Of course, some people have more memories from early childhood than others do. A 2009 study conducted by Peterson, Professor Qi Wang from Cornell University and Yubo Hou, an associate professor from Peking University, found that children in China have fewer of these memories than children in Canada do. The finding, they suggest, might be explained by culture: Chinese prize individuality less than North Americans and thus may be less likely to draw attention to the moments of an individual’s life. Westerners, by contrast, reinforce recollection and keep the synapses that underlie early personal memories vibrant.

When an adult engages a child in a lively conversation about events, inviting him or her to add to the story, “that kind of interaction contributes to the richness of memory over a long period of time,” Bauer said. “The child learns how to have memories and how to tell the story.”

Our first three to four years are the maddeningly, mysteriously blank opening pages to our story of self. During that time, we transition from what my brother-in-law calls “a loaf of bread with a nervous system” to sentient humans. If we can’t remember much from those years – whether abuse or exuberant cherishing – does it matter what actually happened? If a tree fell in the forest of our early development and we didn’t have the cognitive tools to stash the event in memory, did it still help shape who we are?

Bauer says yes.
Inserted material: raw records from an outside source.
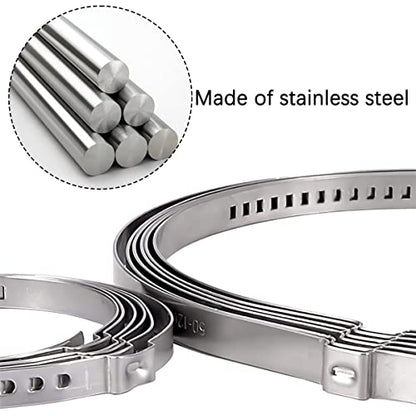 10PCS CV Joint Boot Crimp Clamp Kit, Stainless Steel Adjustable Drive Shaft AXLE Boot Clamp, 5pcs Small and 5pcs Large, Universal Automotive Accessories for Car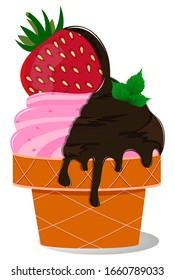 Strawberry ice cream in a waffle cup with chocolate icing and fresh berries with mint leaves. Detailed vector icons. A series of food and drink and culinary ingredients.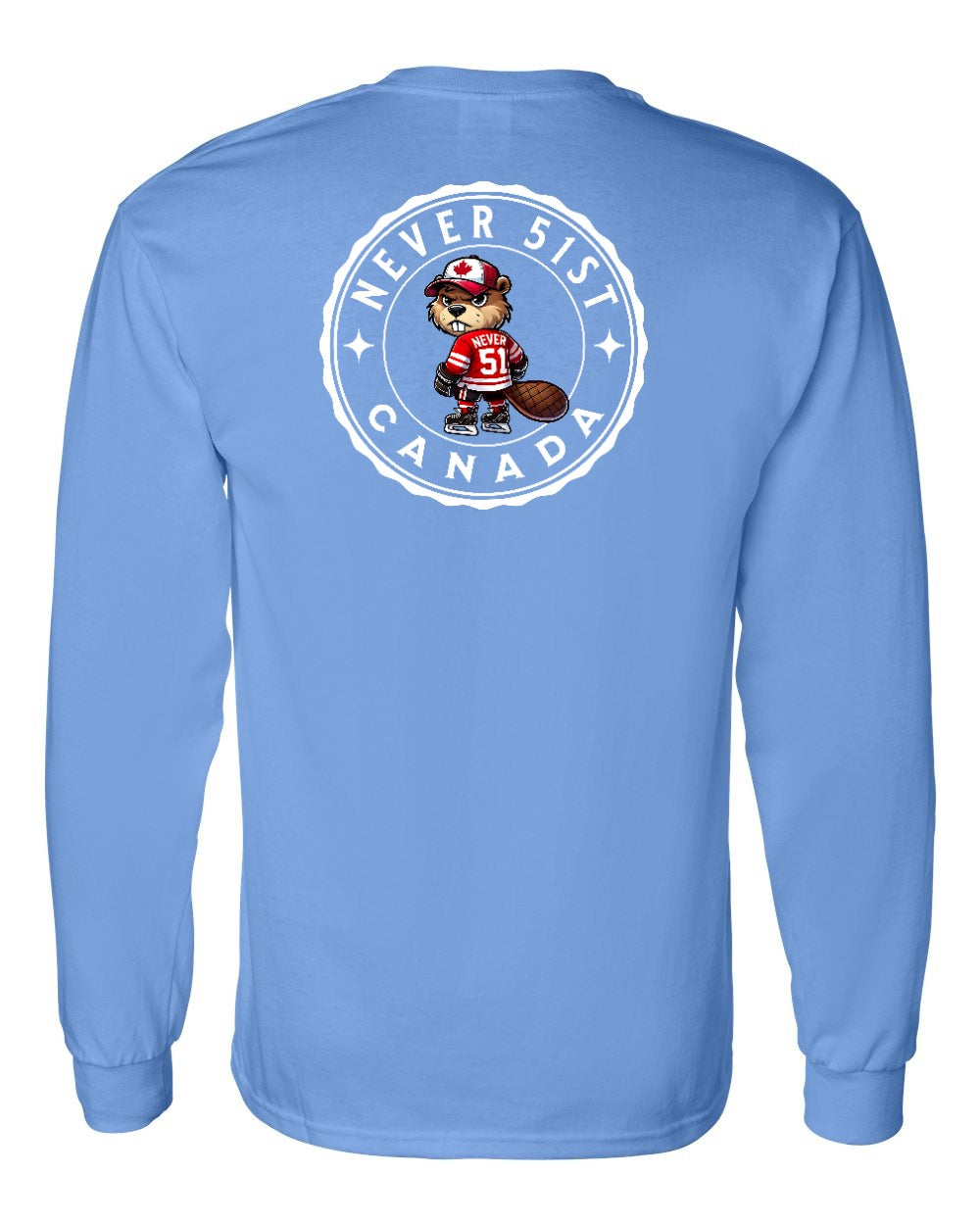 Never 51st Beaver Left Chest and Back Long Sleeve - Gildan Canada (sewn Internationally)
Even if we don’t remember early events, they leave an imprint on the way we understand and feel about ourselves, other people and the greater world. “You can’t remember going ice-skating with Uncle Henry, but you understand that skating and visiting relatives are fun,” Bauer explained. “You have a feeling for how nice people are, how reliable they are. You might never be able to pinpoint how you learned that, but it’s just something you know.”

We aren’t just the sum of our memories, or at least not entirely. We are also the story we construct about ourselves. And that’s a story that we will never forget.